Quarteto promete mais um recorde para manter a rotina

Meninas do Clube Curitibano planejam nadar forte na final do revezamento 4x50 metros livre no Brasileiro Juvenil

Da esquerda para a direita: Carolina Portugal, Carolina Bergamaschi, Alessandra Marchioro e Alexia Narussig | Hedeson Alves/ Gazeta do Povo
Da esquerda para a direita: Carolina Portugal, Carolina Bergamaschi, Alessandra Marchioro e Alexia Narussig (Foto: Hedeson Alves/ Gazeta do Povo)

Quebrar recordes. A equipe fe­­minina do revezamento 4x50 m livre do Clube Curitibano quer transformar essa ação em rotina, a partir de hoje no 18.º Campeonato Brasileiro Juvenil de Natação – Troféu Carlos Cam­­pos Sobrinho, no Clube Curitibano, em Curitiba.

Ontem, primeiro dia da competição, o quarteto formado por Alessandra Marchioro, Carolina Bergamaschi, Ca­­rolina Portugal e Alexia Na­­russig disputou a eliminatória da prova sem usar a máxima potência, "só para classificar", como definiu o técnico Wel­lington Soares. Mas baixaram em quase dois segundos a própria marca, estabelecida em junho. O menor tempo na prova até então era 1min48s078. Ontem, elas nadaram em 1min46s086. Hoje, na final, pretendem melhorar ainda mais.

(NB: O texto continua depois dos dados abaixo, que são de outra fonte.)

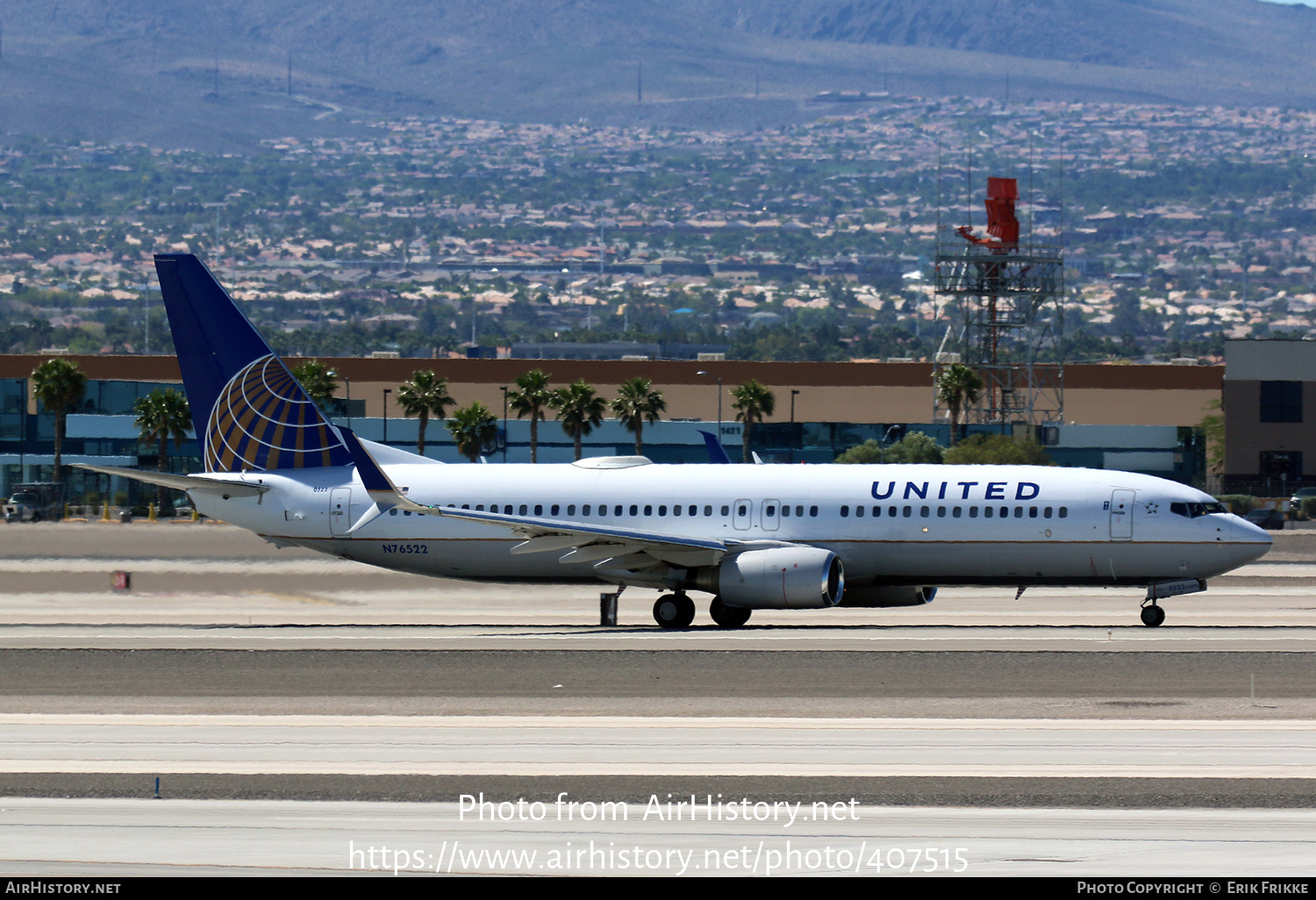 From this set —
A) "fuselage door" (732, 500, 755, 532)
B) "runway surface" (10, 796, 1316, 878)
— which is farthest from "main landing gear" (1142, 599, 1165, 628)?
"runway surface" (10, 796, 1316, 878)

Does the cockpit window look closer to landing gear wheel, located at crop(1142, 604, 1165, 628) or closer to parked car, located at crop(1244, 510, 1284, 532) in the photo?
landing gear wheel, located at crop(1142, 604, 1165, 628)

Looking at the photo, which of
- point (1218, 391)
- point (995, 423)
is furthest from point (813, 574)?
point (1218, 391)

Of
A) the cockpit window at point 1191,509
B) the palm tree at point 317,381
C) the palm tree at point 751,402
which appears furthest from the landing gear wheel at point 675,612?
the palm tree at point 317,381

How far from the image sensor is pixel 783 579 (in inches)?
1607

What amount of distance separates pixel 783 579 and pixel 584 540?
468 centimetres

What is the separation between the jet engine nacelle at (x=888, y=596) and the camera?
144ft

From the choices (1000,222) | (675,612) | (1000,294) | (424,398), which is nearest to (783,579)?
(675,612)

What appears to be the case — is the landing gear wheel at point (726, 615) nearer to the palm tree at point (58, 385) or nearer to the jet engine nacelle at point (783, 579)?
the jet engine nacelle at point (783, 579)

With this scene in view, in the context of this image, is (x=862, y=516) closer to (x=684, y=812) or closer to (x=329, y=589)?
(x=329, y=589)

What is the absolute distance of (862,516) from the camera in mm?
42438

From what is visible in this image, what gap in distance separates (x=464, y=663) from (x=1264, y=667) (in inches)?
579

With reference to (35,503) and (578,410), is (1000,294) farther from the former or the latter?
(35,503)

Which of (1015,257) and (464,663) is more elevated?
(1015,257)

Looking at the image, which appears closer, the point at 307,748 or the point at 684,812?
the point at 684,812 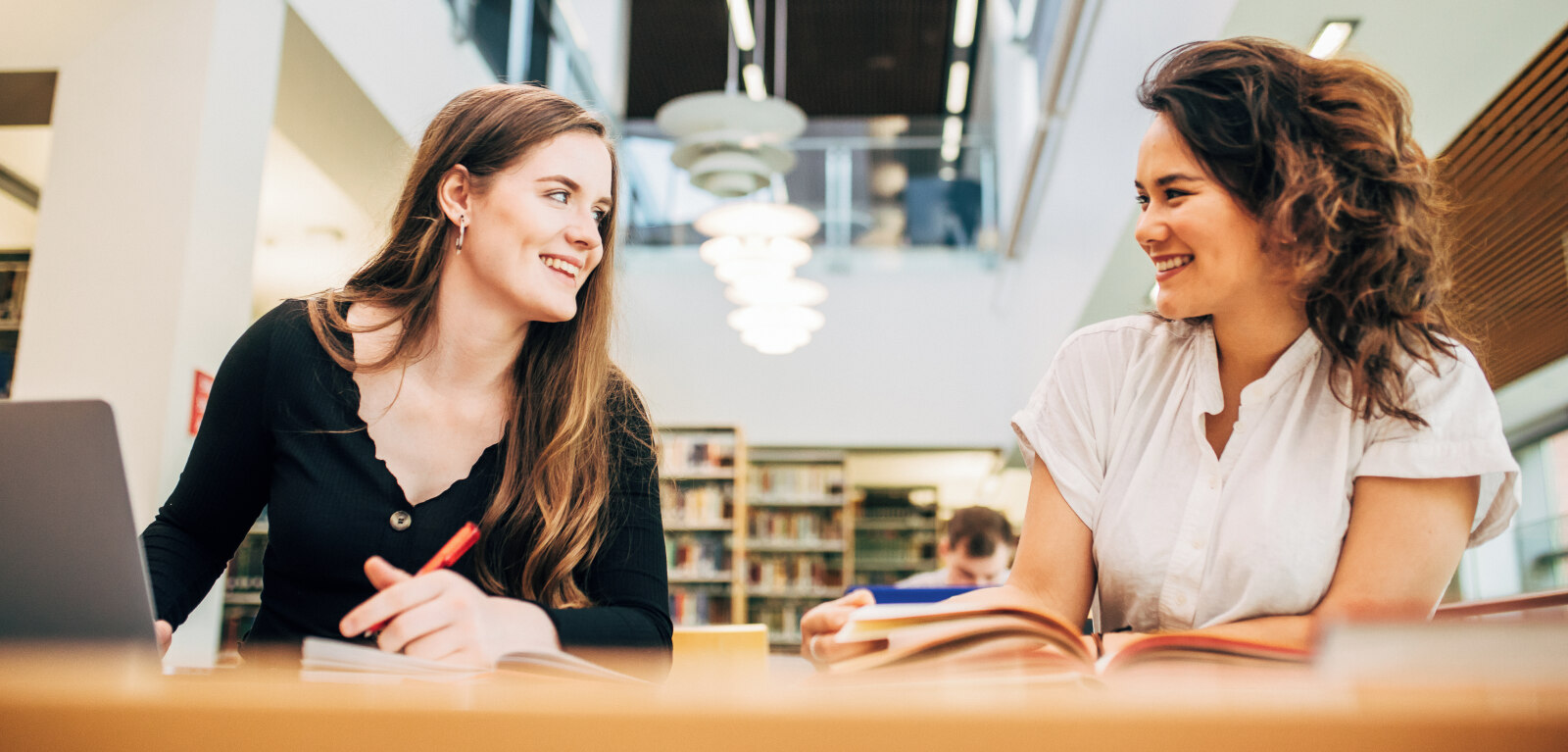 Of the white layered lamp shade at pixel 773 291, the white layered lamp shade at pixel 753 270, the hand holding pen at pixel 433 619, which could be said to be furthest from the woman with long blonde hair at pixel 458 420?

"É quase certeza que vamos ganhar. Vamos nadar em busca do recorde", diz Alessandra, responsável por fechar o revezamento. Ela conta que o bom trabalho das companheiras que nadam antes dela no 4x50 m facilita o seu desempenho. "Já nos outros revezamentos, tenho de forçar mais", diz.

Um ano mais velha que as demais, aos 16 anos, Alessandra foi a última a compor o time formado neste ano. As outras garotas já vinham acumulando bons resultados na categoria infantil. Além de dar as braçadas finais, a atleta puxa a última conversa antes do início da prova. "Nosso desempenho vem do bom relacionamento que temos dentro e fora da água. Antes de competir, fazemos uma roda e dizemos para confiarmos no nosso trabalho", conta Alexia.

As quatro mantêm convívio intenso antes, durante e depois dos treinos. Em dia de competição, só se separam quando uma está na água, em prova individual. As demais ficam na torcida. Passaram a chamar equipe de "CACA", alcunha nascida da união das letras iniciais de seus nomes. "Ainda bem que ‘cáca’ fi­­cou só no nome e estamos in­­­do bem na água", brinca Caro­­lina Bergamaschi.

"São quatro garotas com bom potencial e que este ano fizeram um bom trabalho de treinos. Os resultados têm vindo e elas estão confiando mais em si mesmas. Isso deve refletir em outros revezamentos, como o 4x100 m", diz o técnico. Além do recorde no Brasileiro de Inverno, as garotas venceram o Sul-Americano e fizeram boa apresentação no Troféu José Finkel – sexto lugar na categoria absoluto (adulto).